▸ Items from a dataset
———
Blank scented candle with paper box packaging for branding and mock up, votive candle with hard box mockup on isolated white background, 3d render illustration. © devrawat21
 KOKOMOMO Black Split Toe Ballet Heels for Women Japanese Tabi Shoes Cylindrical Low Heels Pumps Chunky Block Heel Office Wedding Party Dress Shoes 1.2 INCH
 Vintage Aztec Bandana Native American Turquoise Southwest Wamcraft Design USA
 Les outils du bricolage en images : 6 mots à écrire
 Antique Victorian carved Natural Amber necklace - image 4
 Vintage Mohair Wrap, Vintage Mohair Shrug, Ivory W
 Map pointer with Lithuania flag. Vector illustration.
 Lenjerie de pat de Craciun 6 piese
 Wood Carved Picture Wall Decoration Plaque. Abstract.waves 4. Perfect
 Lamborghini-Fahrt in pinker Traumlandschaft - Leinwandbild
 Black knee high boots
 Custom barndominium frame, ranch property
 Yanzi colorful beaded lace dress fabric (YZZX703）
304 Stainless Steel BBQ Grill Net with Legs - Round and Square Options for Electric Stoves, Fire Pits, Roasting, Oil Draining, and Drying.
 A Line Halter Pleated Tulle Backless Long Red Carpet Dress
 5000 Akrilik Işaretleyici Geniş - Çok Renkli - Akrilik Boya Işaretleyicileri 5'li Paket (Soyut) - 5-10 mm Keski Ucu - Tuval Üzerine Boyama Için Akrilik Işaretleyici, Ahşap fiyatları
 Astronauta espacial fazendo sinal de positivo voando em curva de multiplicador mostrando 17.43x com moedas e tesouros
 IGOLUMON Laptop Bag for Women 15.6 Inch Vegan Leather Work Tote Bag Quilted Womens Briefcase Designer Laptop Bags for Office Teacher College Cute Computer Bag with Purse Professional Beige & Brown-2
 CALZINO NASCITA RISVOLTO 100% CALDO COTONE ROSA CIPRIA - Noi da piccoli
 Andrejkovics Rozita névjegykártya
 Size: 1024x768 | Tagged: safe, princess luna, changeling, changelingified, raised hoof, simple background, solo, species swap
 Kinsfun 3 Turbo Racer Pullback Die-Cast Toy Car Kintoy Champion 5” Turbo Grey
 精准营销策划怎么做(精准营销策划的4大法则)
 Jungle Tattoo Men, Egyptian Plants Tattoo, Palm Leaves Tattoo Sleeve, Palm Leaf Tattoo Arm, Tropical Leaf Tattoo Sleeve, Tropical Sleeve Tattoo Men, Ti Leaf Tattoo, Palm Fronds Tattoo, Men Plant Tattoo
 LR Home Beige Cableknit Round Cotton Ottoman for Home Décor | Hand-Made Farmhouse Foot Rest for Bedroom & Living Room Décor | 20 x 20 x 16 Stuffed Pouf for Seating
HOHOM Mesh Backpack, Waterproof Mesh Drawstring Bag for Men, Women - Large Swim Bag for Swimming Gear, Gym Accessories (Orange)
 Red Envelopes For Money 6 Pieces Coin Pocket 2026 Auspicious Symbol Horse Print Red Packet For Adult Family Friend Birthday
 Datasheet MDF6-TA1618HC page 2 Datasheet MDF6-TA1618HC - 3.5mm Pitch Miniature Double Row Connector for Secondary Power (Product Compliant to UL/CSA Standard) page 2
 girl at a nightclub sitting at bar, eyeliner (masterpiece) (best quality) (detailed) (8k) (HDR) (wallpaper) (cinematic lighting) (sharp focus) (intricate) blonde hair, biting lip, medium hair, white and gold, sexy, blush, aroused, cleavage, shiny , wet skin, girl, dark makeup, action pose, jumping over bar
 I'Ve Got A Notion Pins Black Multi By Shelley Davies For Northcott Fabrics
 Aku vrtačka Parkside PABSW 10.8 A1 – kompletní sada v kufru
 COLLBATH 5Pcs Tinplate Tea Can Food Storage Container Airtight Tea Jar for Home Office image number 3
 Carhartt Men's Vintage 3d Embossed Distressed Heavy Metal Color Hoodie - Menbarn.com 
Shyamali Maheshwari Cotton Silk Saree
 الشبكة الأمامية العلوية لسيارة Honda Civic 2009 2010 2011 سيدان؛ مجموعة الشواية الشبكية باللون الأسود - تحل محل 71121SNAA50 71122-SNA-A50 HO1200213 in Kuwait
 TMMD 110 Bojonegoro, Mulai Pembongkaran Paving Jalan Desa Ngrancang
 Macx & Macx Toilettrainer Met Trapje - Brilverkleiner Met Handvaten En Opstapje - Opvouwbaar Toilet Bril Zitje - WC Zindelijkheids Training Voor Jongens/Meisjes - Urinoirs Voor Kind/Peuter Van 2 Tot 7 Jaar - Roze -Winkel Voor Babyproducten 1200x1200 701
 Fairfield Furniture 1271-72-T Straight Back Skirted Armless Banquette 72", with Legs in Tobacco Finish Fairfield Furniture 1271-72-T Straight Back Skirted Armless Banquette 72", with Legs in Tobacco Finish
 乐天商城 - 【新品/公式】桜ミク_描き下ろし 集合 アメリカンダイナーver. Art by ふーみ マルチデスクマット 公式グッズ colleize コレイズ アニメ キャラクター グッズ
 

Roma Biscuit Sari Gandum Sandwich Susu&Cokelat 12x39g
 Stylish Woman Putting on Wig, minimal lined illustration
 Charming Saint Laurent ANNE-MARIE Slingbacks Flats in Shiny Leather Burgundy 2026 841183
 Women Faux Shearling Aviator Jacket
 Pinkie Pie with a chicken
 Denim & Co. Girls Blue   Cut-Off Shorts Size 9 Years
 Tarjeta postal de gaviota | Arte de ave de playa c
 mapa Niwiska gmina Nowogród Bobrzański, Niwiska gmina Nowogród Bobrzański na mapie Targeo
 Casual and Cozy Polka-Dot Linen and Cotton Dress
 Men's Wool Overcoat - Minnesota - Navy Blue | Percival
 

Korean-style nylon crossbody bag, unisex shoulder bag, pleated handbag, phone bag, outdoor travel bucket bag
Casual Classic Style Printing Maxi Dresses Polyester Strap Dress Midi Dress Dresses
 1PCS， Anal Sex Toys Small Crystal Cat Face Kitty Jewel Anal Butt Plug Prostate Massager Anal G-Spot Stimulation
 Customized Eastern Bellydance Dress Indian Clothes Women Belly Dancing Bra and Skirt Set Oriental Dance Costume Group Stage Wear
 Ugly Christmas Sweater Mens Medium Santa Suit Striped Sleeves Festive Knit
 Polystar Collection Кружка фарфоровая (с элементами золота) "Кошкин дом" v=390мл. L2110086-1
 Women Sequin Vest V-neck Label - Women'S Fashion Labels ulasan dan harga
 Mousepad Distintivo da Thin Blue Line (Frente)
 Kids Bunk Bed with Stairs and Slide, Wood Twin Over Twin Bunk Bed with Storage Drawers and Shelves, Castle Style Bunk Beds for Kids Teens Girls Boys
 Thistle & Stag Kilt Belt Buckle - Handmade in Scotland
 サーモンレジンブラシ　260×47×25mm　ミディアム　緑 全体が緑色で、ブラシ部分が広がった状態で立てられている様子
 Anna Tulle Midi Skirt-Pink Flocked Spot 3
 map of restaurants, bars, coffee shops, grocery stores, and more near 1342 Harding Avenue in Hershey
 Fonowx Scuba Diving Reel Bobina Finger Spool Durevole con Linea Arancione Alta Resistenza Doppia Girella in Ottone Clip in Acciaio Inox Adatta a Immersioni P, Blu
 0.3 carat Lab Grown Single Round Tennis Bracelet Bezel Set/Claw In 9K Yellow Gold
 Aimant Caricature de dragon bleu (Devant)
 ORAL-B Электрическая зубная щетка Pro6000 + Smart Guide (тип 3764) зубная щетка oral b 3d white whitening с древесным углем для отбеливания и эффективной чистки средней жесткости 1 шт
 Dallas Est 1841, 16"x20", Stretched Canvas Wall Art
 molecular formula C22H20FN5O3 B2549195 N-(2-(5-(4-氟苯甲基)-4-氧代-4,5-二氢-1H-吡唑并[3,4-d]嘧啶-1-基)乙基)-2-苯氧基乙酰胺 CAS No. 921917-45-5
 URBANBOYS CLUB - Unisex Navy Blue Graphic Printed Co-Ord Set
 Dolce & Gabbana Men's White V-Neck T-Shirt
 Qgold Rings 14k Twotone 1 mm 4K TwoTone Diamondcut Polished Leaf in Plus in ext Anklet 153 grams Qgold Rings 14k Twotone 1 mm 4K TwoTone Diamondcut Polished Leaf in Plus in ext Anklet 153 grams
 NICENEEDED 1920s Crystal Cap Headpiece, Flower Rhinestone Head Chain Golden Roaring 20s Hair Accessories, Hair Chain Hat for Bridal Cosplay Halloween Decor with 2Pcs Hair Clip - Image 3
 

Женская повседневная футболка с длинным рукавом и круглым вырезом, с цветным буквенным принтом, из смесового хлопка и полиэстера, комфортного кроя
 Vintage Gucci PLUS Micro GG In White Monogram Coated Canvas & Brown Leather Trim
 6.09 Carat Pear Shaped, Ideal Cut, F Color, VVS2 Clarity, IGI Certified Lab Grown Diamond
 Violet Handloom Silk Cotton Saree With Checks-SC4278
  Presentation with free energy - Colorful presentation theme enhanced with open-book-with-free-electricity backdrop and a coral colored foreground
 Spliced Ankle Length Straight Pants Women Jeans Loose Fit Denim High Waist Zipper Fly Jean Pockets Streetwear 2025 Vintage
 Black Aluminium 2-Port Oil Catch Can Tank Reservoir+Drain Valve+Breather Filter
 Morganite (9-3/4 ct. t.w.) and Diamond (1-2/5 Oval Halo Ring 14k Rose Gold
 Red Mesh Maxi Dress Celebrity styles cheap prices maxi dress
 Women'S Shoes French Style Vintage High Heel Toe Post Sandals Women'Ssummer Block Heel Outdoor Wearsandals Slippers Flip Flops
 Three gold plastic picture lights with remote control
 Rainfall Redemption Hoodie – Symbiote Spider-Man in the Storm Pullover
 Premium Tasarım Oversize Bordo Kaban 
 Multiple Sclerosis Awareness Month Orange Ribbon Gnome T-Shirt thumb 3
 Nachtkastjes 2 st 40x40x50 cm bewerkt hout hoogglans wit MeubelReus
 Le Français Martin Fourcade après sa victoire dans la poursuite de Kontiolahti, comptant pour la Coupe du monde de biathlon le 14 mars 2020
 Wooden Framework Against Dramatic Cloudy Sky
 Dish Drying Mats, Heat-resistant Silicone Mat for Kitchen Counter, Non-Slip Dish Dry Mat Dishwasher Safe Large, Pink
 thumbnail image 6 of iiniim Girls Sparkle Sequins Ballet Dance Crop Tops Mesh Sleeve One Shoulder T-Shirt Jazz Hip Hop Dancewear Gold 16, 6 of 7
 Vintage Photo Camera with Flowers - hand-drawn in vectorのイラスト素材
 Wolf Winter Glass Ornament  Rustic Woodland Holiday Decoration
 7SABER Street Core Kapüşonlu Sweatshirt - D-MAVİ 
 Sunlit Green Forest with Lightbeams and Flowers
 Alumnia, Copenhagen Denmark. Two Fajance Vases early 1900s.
———
▸ AIM OF THE EXERCISE
The required output is every line above that contains the string "Shoes".

▸ SOLUTION TO THIS PROBLEM
 KOKOMOMO Black Split Toe Ballet Heels for Women Japanese Tabi Shoes Cylindrical Low Heels Pumps Chunky Block Heel Office Wedding Party Dress Shoes 1.2 INCH
 Women'S Shoes French Style Vintage High Heel Toe Post Sandals Women'Ssummer Block Heel Outdoor Wearsandals Slippers Flip Flops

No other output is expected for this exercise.